• **DATA FOR THE TASK**
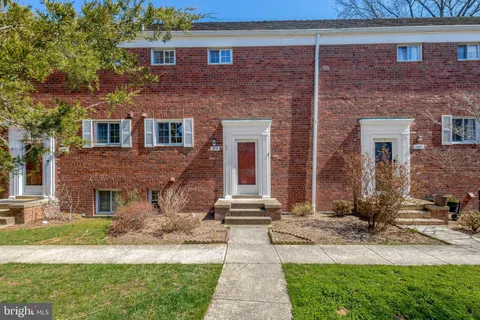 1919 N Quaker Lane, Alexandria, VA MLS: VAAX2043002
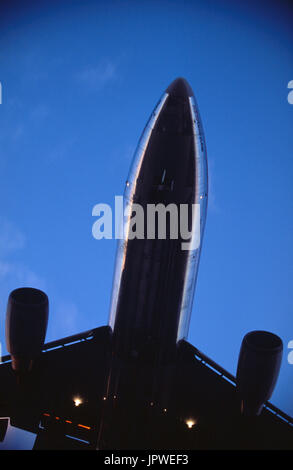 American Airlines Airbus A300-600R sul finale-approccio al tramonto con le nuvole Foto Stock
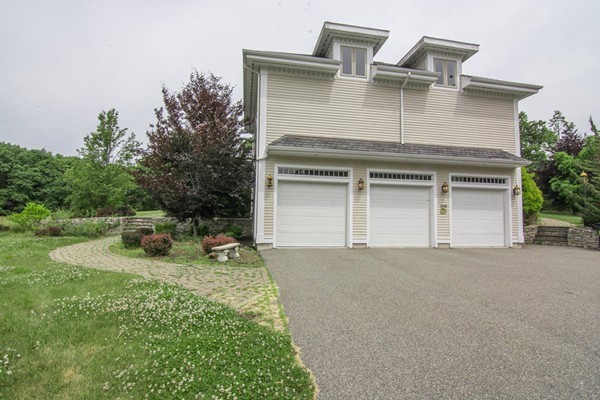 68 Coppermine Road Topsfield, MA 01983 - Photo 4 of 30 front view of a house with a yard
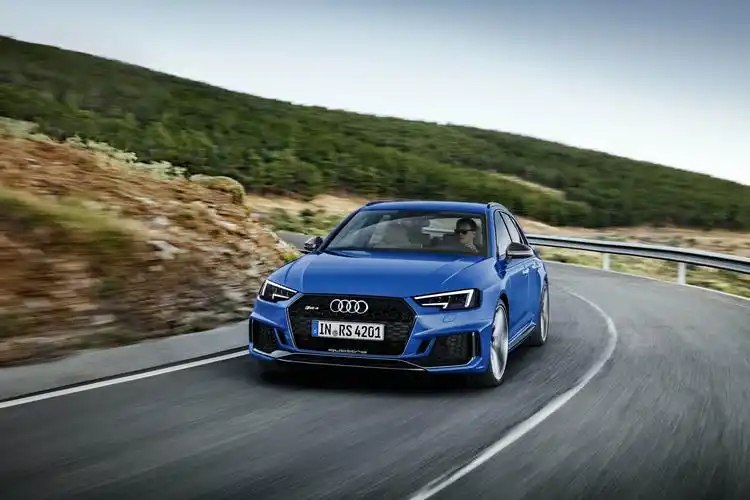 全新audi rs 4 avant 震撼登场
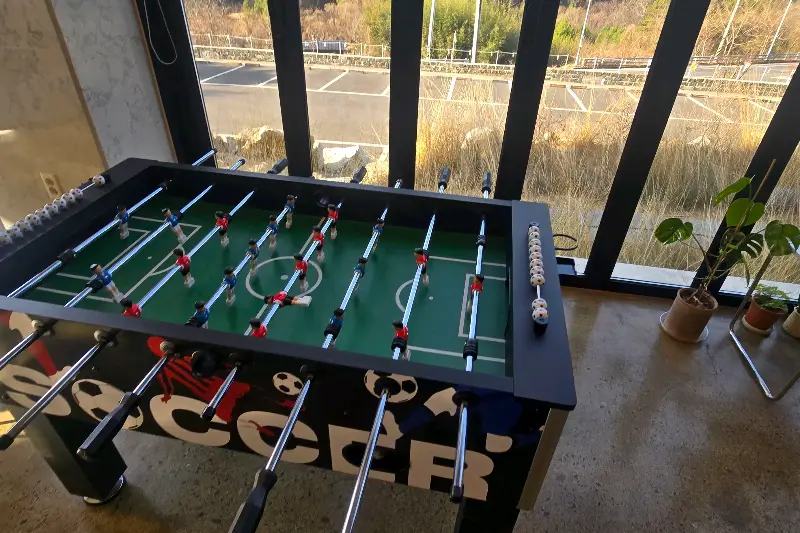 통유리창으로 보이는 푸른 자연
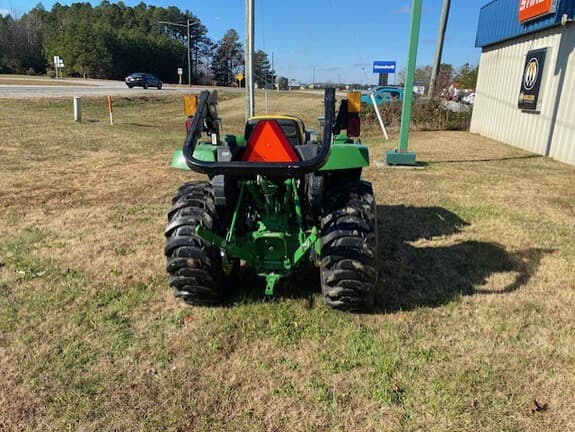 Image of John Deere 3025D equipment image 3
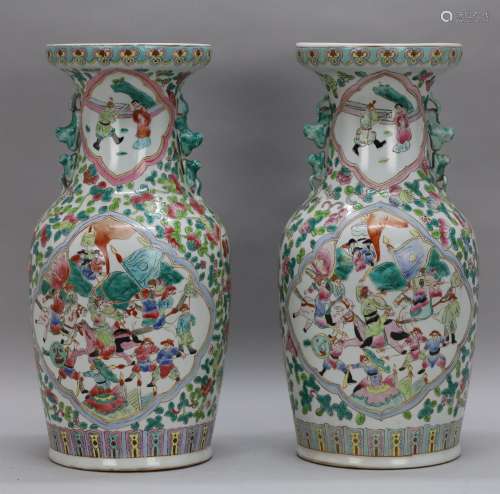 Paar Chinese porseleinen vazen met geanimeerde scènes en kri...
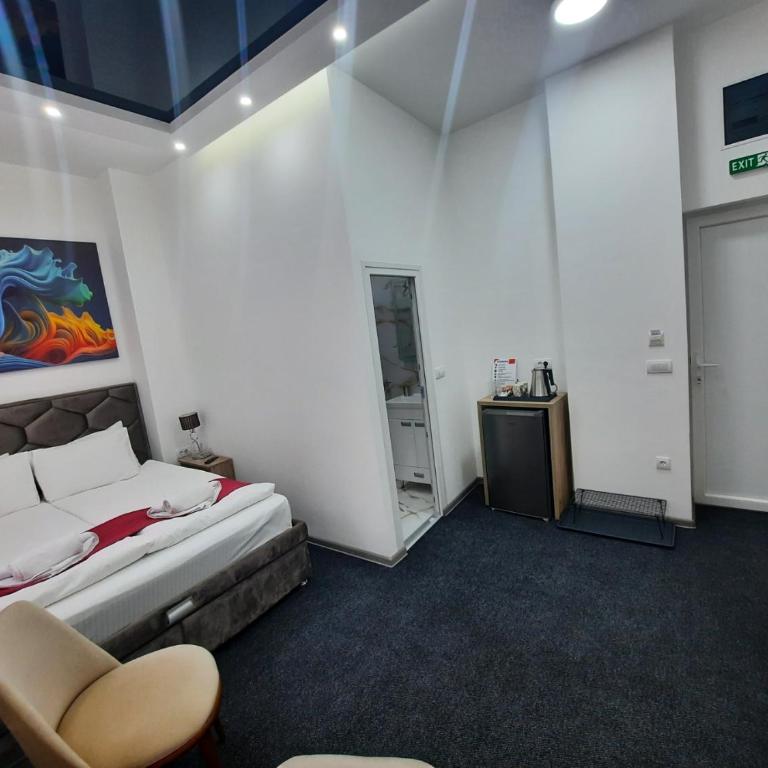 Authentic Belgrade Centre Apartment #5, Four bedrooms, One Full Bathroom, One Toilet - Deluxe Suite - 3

• **EXERCISE GOAL**
Using the material above, set down every line exactly, but skip the pictures.

• **TASK OUTPUT**
 1919 N Quaker Lane, Alexandria, VA MLS: VAAX2043002
 American Airlines Airbus A300-600R sul finale-approccio al tramonto con le nuvole Foto Stock
 68 Coppermine Road Topsfield, MA 01983 - Photo 4 of 30 front view of a house with a yard
 全新audi rs 4 avant 震撼登场
 통유리창으로 보이는 푸른 자연
 Image of John Deere 3025D equipment image 3
 Paar Chinese porseleinen vazen met geanimeerde scènes en kri...
 Authentic Belgrade Centre Apartment #5, Four bedrooms, One Full Bathroom, One Toilet - Deluxe Suite - 3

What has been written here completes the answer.